- THE DATA -
- - -

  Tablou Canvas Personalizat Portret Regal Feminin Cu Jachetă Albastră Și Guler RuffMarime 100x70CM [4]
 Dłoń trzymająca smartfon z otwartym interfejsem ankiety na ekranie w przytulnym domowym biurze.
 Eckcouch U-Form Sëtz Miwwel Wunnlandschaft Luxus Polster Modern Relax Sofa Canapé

- - -

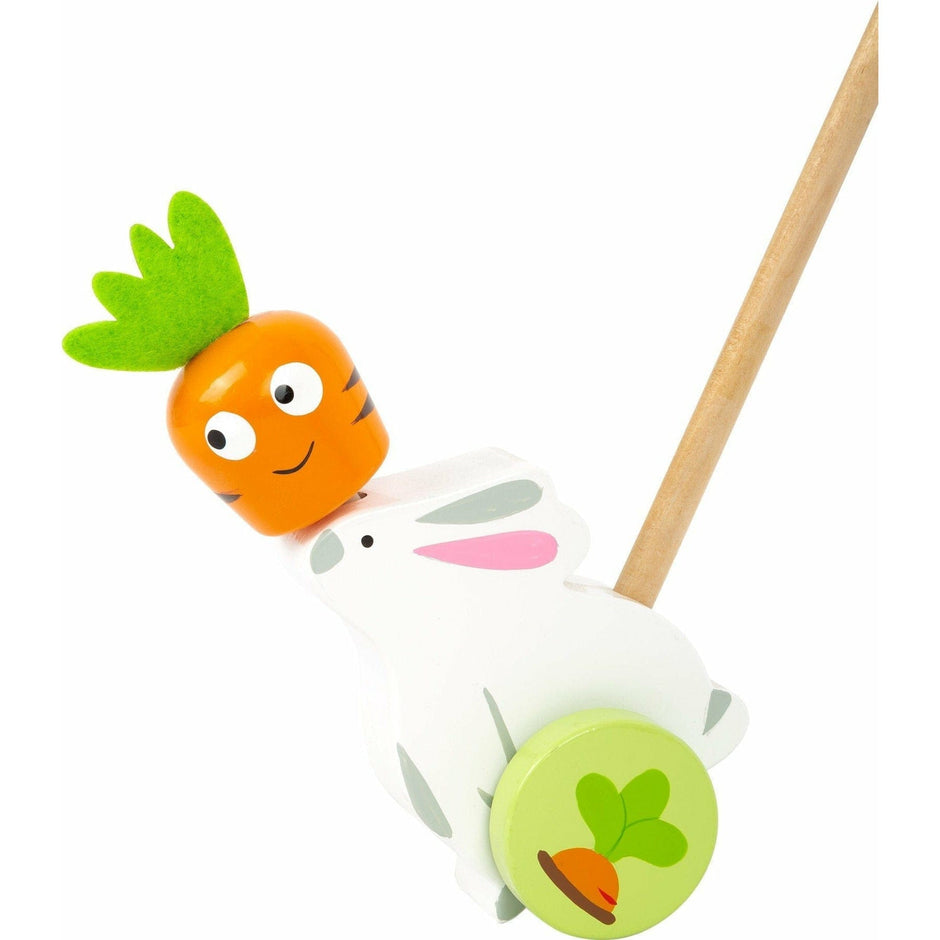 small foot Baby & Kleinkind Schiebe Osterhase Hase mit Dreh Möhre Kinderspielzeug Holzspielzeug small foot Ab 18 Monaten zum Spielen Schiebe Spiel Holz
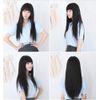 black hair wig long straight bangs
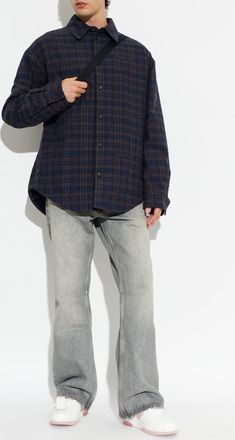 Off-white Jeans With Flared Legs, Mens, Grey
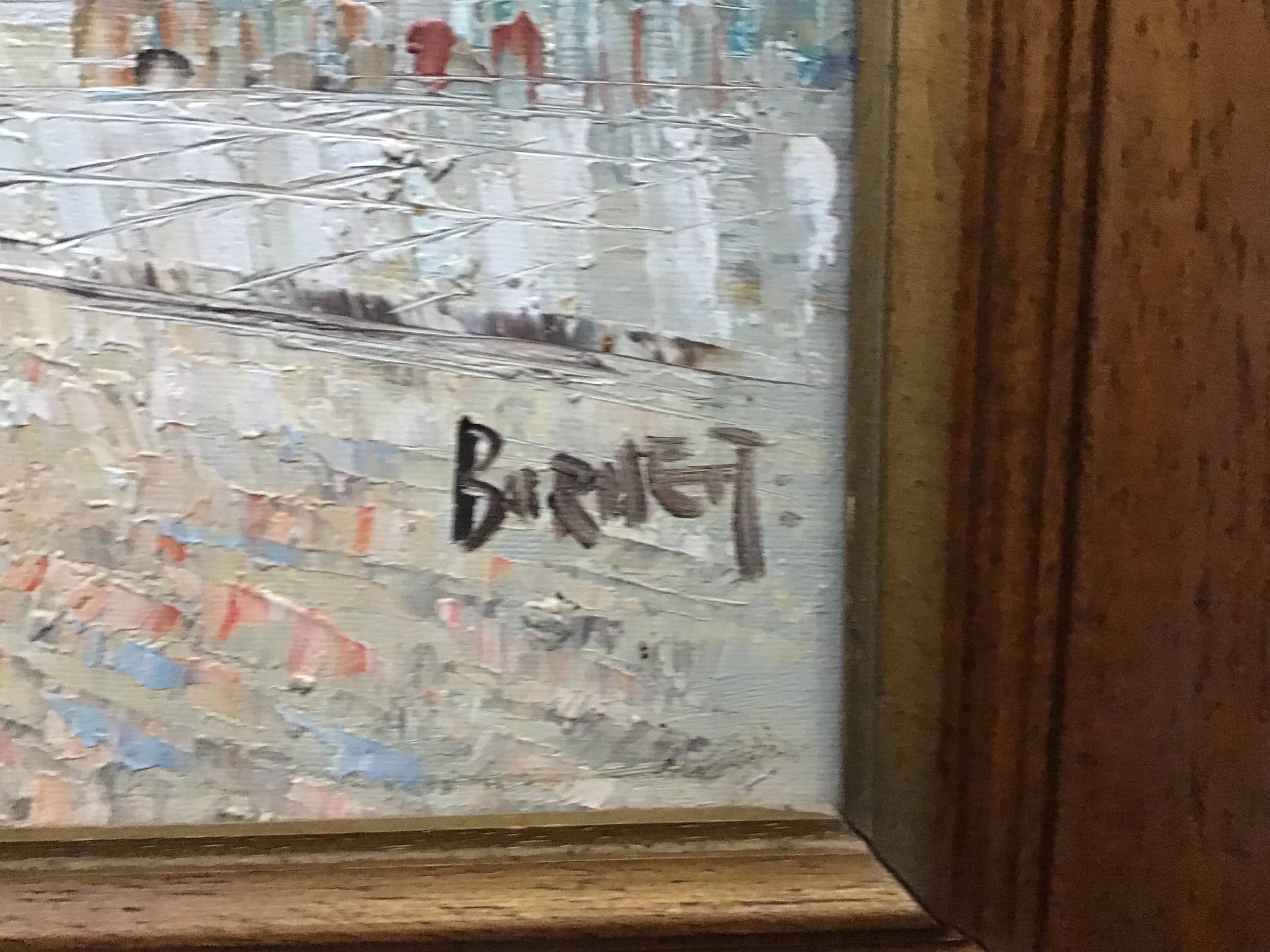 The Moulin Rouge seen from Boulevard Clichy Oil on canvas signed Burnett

- - -

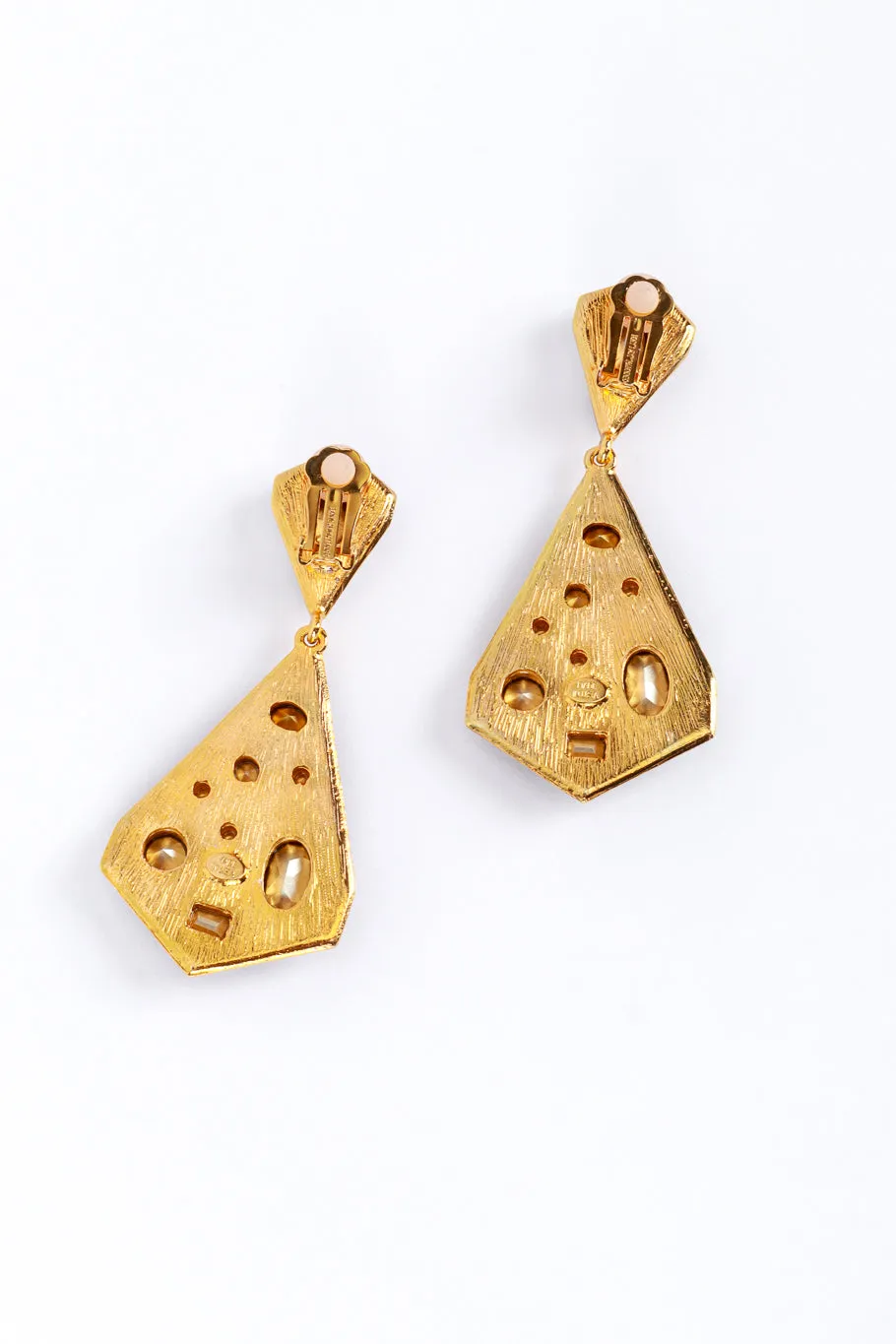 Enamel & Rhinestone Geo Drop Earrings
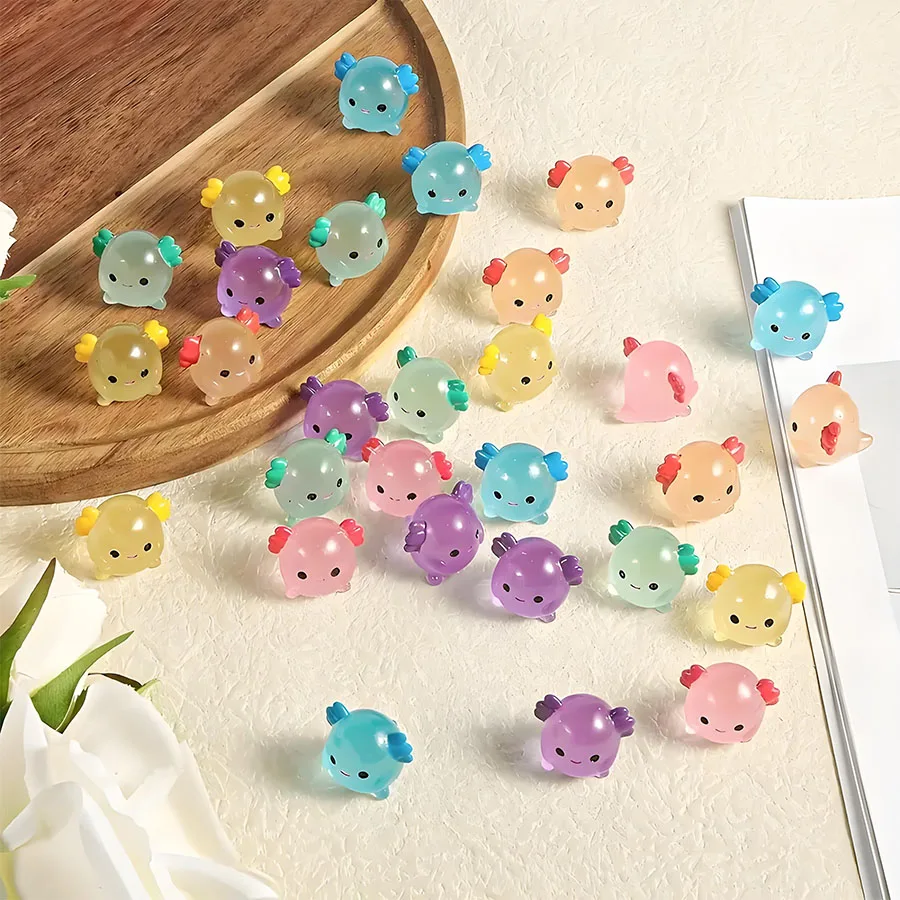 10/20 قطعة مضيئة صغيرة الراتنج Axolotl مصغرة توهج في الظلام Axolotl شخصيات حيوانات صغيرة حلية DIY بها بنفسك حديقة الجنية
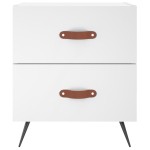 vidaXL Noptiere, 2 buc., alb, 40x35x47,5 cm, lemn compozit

- - -

- TO DO -
Leaving every picture aside, reproduce exactly the lines above from the one with "Off-white Jeans With Flared Legs, Mens, Grey" up to and including the one with "The Moulin Rouge", and no others.

- ANSWER SPACE -
 Off-white Jeans With Flared Legs, Mens, Grey
 The Moulin Rouge seen from Boulevard Clichy Oil on canvas signed Burnett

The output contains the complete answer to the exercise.